Data to use
*** Begin section ***

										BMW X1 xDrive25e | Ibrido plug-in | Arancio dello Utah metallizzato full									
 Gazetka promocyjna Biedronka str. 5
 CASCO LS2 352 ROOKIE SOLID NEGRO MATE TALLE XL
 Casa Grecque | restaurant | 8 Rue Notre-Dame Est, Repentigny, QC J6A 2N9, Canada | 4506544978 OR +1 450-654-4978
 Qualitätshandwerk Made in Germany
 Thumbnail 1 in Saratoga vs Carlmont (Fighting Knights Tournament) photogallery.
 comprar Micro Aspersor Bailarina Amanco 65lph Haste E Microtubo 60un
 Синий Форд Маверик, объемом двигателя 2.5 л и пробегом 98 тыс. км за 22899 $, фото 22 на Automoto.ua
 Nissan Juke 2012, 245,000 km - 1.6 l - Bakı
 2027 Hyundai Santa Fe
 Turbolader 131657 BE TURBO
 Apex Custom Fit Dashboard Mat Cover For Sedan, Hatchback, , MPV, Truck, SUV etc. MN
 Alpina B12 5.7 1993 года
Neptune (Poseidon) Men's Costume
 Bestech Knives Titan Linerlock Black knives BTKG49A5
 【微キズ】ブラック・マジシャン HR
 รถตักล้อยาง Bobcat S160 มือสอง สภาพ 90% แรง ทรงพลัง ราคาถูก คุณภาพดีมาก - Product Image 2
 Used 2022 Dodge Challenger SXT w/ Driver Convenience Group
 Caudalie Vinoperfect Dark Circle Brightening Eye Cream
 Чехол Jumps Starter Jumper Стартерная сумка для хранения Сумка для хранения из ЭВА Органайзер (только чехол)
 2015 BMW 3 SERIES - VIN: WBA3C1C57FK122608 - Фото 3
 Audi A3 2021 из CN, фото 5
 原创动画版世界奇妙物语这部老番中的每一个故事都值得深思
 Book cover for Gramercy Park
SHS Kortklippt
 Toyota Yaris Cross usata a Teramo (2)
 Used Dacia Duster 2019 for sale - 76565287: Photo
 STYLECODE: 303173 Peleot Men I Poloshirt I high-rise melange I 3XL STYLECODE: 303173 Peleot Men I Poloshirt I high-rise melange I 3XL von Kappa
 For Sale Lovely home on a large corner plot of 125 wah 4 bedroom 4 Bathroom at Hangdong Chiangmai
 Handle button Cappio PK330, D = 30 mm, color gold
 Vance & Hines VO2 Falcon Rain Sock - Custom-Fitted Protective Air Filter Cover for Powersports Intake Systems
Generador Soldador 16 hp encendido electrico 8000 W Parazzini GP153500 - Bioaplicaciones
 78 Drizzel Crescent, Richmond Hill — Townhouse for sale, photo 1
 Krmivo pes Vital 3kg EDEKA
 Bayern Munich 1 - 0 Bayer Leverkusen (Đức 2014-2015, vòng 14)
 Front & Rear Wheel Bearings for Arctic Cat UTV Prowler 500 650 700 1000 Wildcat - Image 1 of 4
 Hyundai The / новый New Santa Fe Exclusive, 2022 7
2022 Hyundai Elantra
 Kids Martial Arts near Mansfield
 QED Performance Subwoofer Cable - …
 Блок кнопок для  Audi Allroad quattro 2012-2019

*** End section ***

Task directions
Quote exactly the first line of the data and every line after it through the one holding "comprar Micro Aspersor".

Exercise result
										BMW X1 xDrive25e | Ibrido plug-in | Arancio dello Utah metallizzato full									
 Gazetka promocyjna Biedronka str. 5
 CASCO LS2 352 ROOKIE SOLID NEGRO MATE TALLE XL
 Casa Grecque | restaurant | 8 Rue Notre-Dame Est, Repentigny, QC J6A 2N9, Canada | 4506544978 OR +1 450-654-4978
 Qualitätshandwerk Made in Germany
 Thumbnail 1 in Saratoga vs Carlmont (Fighting Knights Tournament) photogallery.
 comprar Micro Aspersor Bailarina Amanco 65lph Haste E Microtubo 60un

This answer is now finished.